Climate change is another threat to species, although its mechanisms are less direct. Temperature is a key factor in the functioning of ecosystems and the welfare of the animals therein. Climate change is pushing polar bears and other polar species off the ends of the earth; at what point will this climate-controlled conveyor belt stop? Climate change, too, is a result of a growing (and fossil-fueled) economy.

We should give thanks for the Humane Society, International Fund for Animal Welfare, and Society for the Prevention of Cruelty to Animals. These and related organizations do the good work that Gandhi and Lincoln would have endorsed. Yet when is the last time you’ve heard these organizations give a hoot about economic growth, the single biggest threat to animal welfare?

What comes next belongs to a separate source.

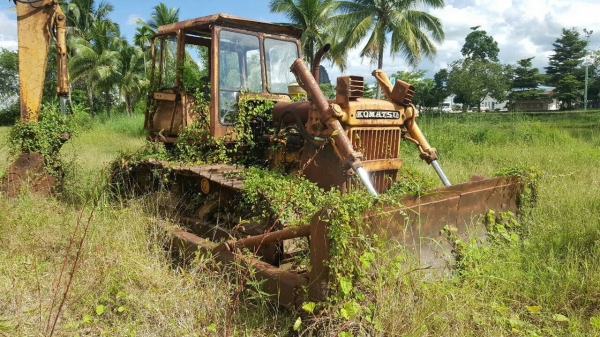 ขายแทรคเตอร์ KOMATSU D60-16 เก่านอก เอกสารใบอินวอยซ์ เครื่องคัมมิน ช่วงล่างดี รถใช้งานได้ปกติครับ ขายแทรคเตอร์ KOMATSU D60-16 เก่านอก เอกสารใบอินวอยซ์ เครื่องคัมมิน ช่วงล่างดี รถใช้งานได้ปกติครับ
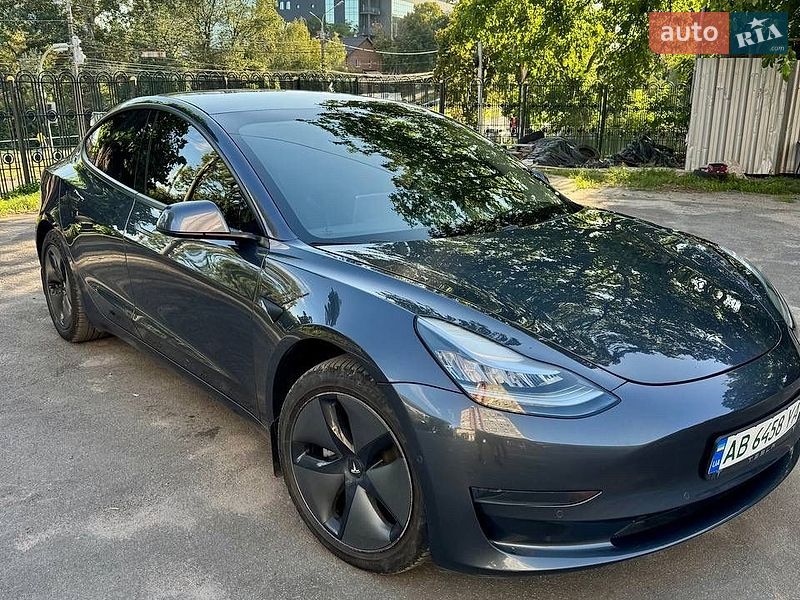 Седан Tesla Model 3 2020 в Вінниці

And why does no one put in a word for our furry and feathered friends when Congress, the President, and the Fed pull out all the stops for GDP growth? Where are the advocates of humane treatment of animals, when the biggest decisions are made about the rate of habitat loss and therefore animal suffering? When a hundredth percentage point less in GDP growth could save hundreds of thousands of animals a year?

Why don’t we have a mainstream media, which isn’t afraid to expose nastiness to horses and chickens, talking about the millions of animals suffering at the cumulative hand of economic growth? Has economic growth become the inconvenient truth for animal welfare?

It’s definitely inconvenient–and that’s an understatement–for millions of animals.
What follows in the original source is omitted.